Task requirements
A verbatim copy of all the data is required; the pictures should not appear in it.
*** Opening of Exercise data ***
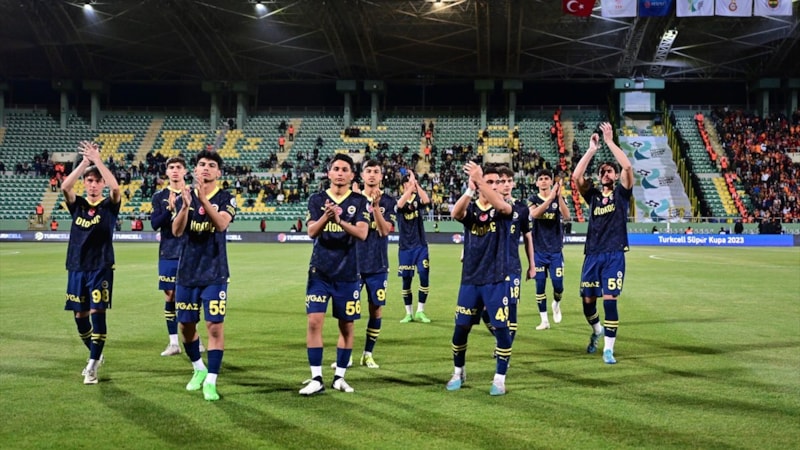 Fenerbahçe: Dik durmaya devam edeceğiz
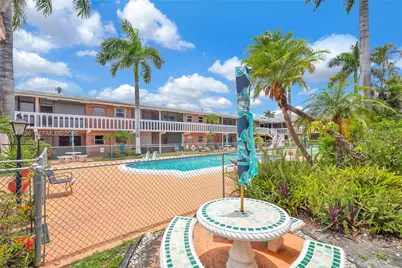 160 NE 8th Ave #27A, Hallandale Beach, FL 33009 - Photo 8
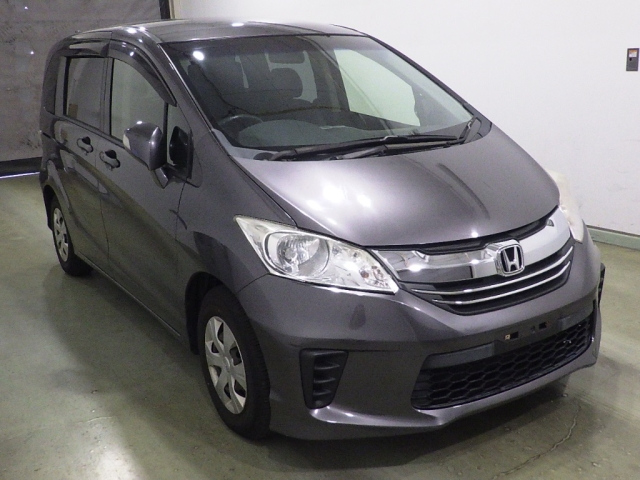 HONDA FREED — фото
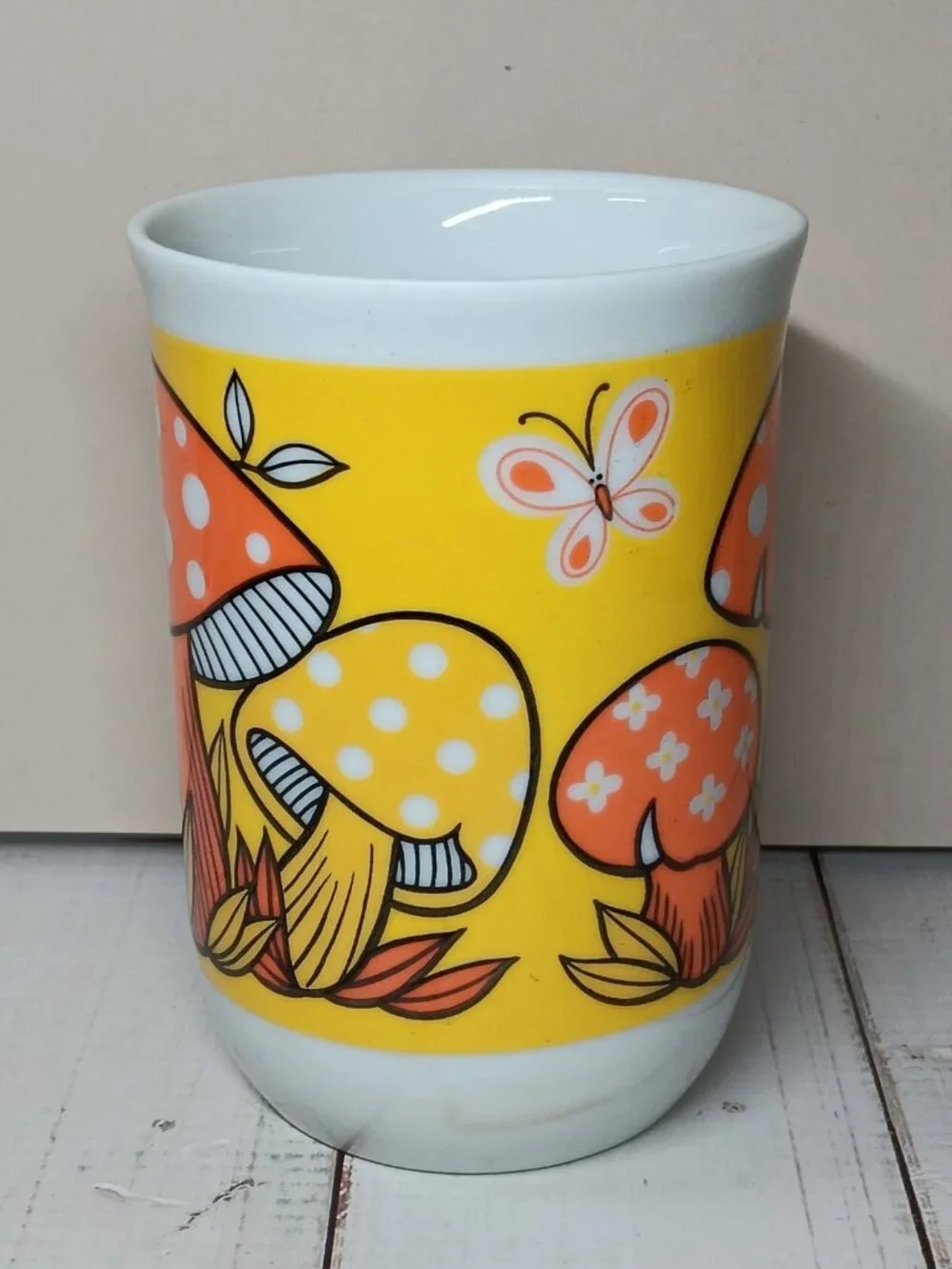 VTG Goodwood Mushrooms Mug 1970s Kitsch Bright Orange Yellow Cup CottageCore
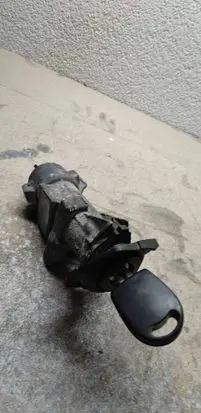 Volkswagen PASSAT B5.5 Ignition lock 4B090585
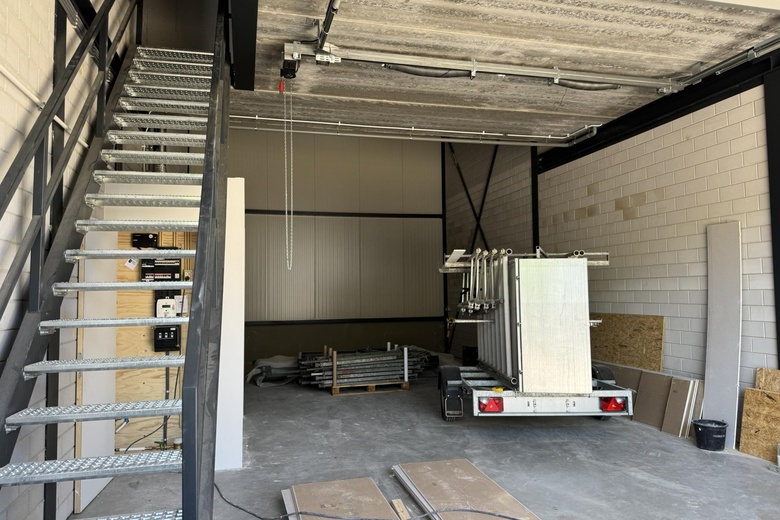 BedrijfsruimteaanAmbachtsstraat 9 c<br/> inPoortugaal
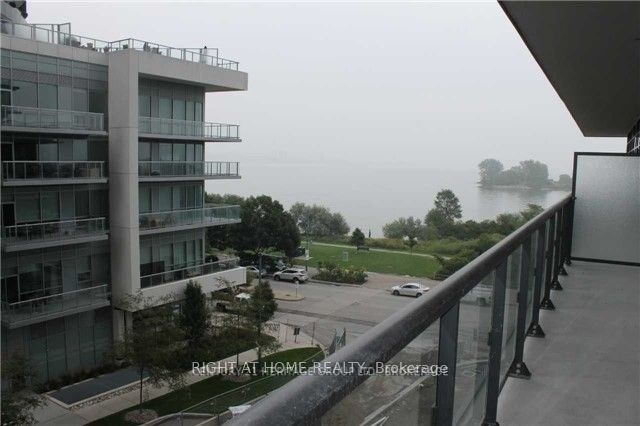 39 ANNIE CRAIG Drive 412, Toronto, ON M8V 0C5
*** Close of Exercise data ***
Answer space
 Fenerbahçe: Dik durmaya devam edeceğiz
 160 NE 8th Ave #27A, Hallandale Beach, FL 33009 - Photo 8
 HONDA FREED — фото
 VTG Goodwood Mushrooms Mug 1970s Kitsch Bright Orange Yellow Cup CottageCore
 Volkswagen PASSAT B5.5 Ignition lock 4B090585
 BedrijfsruimteaanAmbachtsstraat 9 c<br/> inPoortugaal
 39 ANNIE CRAIG Drive 412, Toronto, ON M8V 0C5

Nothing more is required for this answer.